Incarnation Trumps Sentimentality

John 1:1-18

There’s quite a bit of sentimentality that accompanies the Christmas season in modern America. Do these sayings sound familiar?

  • Jesus is the reason for the season
  • Keep Christ in Christmas

But we know there’s more to it.  Christmas is about the Incarnation:

  • He came down from heaven;
  • He became incarnate;
  • He suffered, died, and rose again;
  • And he ascended to heaven, where he is now seated at the right hand of the Father and he will come again to judge the living and the dead.

Descent and ascent.  And this is all true!

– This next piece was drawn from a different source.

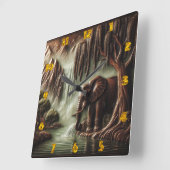 Majestueuze olifant bij serene waterval in de sche vierkante klok (Hoek)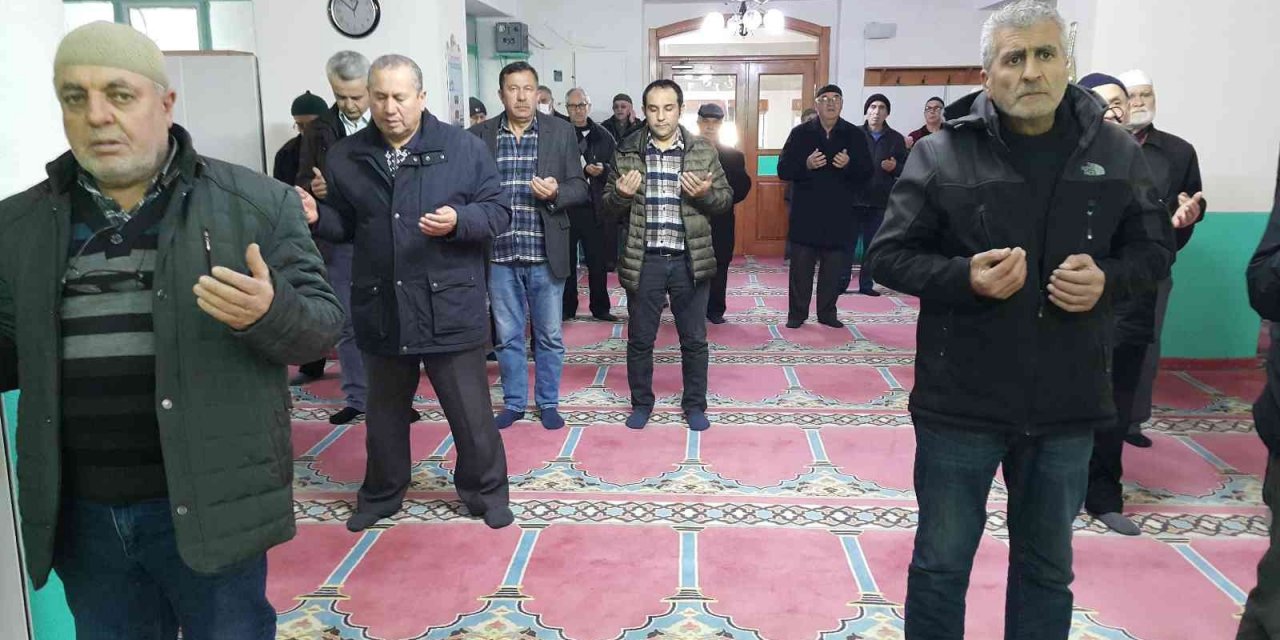 Şehitler ve ahirete göç etmişler için Kur’an-ı Kerim ve Mevlid-i Şerif okutuldu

But there’s even more to it than this.

And here, in today’s passage in John, we are invited to go deeper.  For the Gospel writer John starts talking about Jesus in a different way than the other three Gospels.  John doesn’t start with events surrounding Jesus’s birth—as we read in Matthew and Luke; John doesn’t start with the events surrounding the beginning of Jesus’s ministry—as we read in Mark.  Rather, John starts at the beginning of all things.

“In the beginning,” he writes: a direct reference to the first words of the Bible.

So what happened when God created the heavens and the earth?  “In the beginning was the Word,” John continues.  “And the Word was with God.  And the Word was God.  He was in the beginning with God.”

So, John points out, in the beginning Jesus Christ, the Word, was there.  At the beginning of all things, it wasn’t just God the Father there creating it all.  The Word was there too.  He was with God.  And yet, enigmatically, he was somehow also God.

So when we think of the Incarnation, we shouldn’t limit our thinking just to the sentimentality of the season. Also, we shouldn’t constrain our thinking to descent and ascent.  The Incarnation, rather, has always been present.

Now, this eternal perspective puts something of a different spin on how we view the holiday season at the end of 2014.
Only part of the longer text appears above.